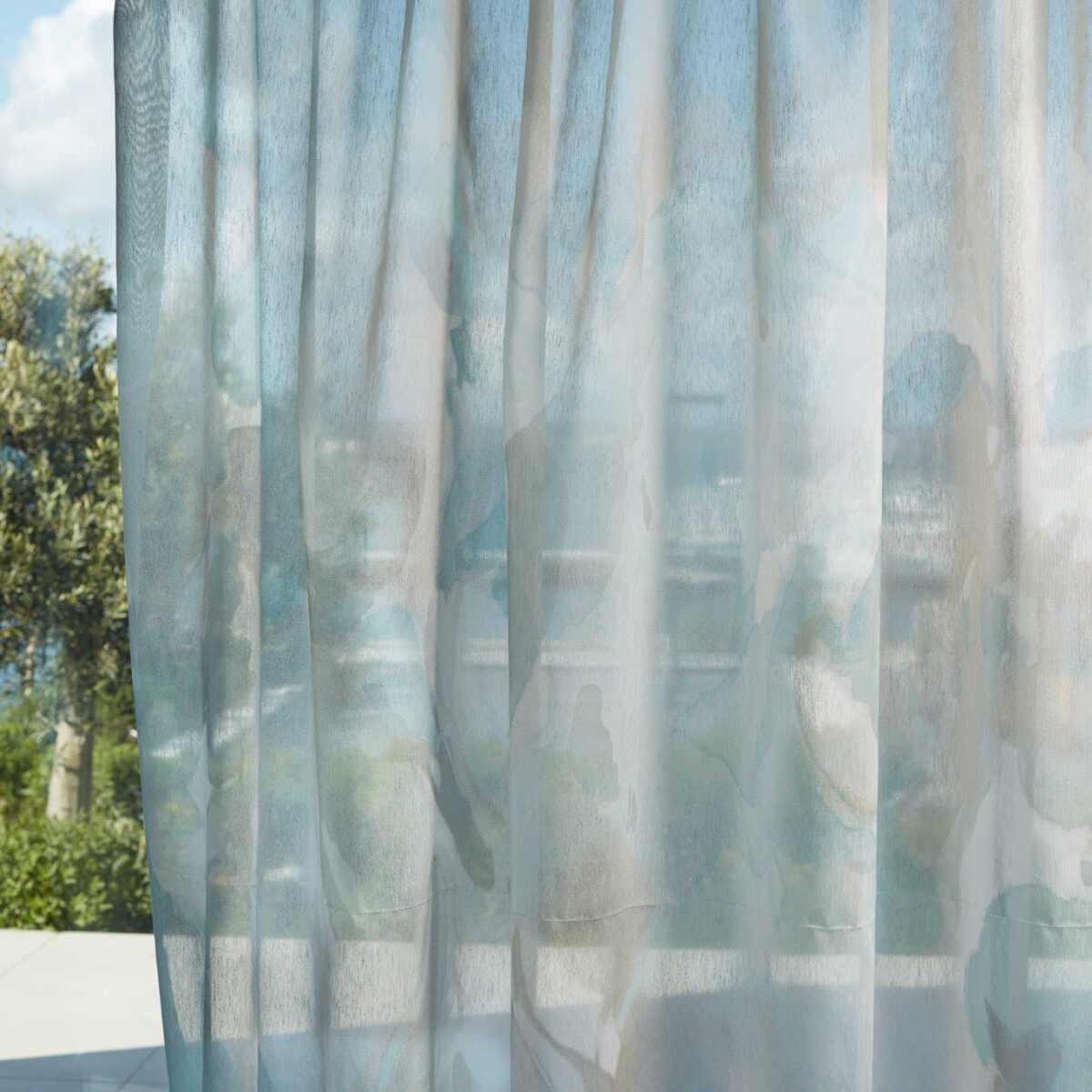 Foresta Sheer Fabric - Ethereal from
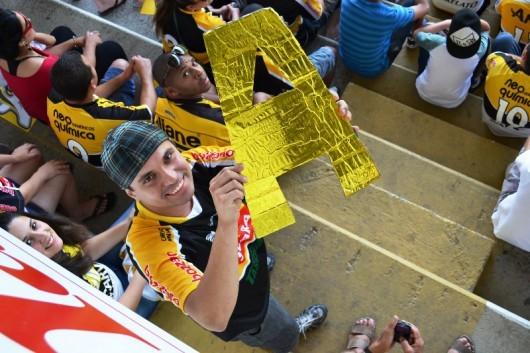 Lotação de tigre maníacos no Majestoso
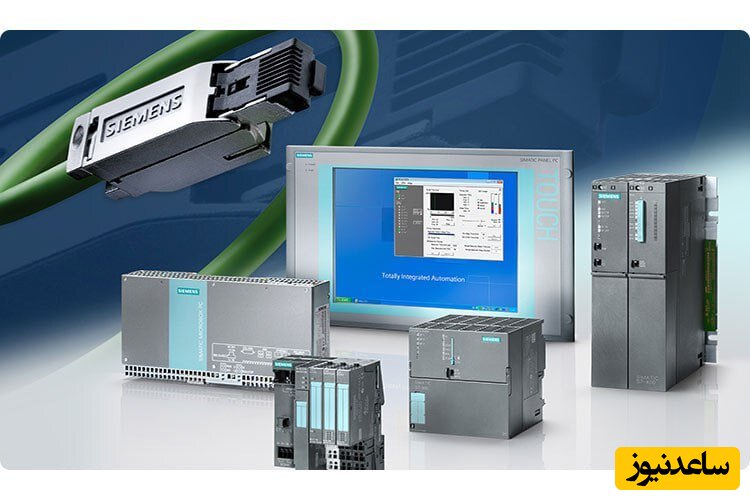 مهم ترین تجهیزات اتوماسیون صنعتی زیمنس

********

=== What is required ===
Skip the images and set down the rest of the data unchanged.

=== Answer to this exercise ===
 Foresta Sheer Fabric - Ethereal from
 Lotação de tigre maníacos no Majestoso
 مهم ترین تجهیزات اتوماسیون صنعتی زیمنس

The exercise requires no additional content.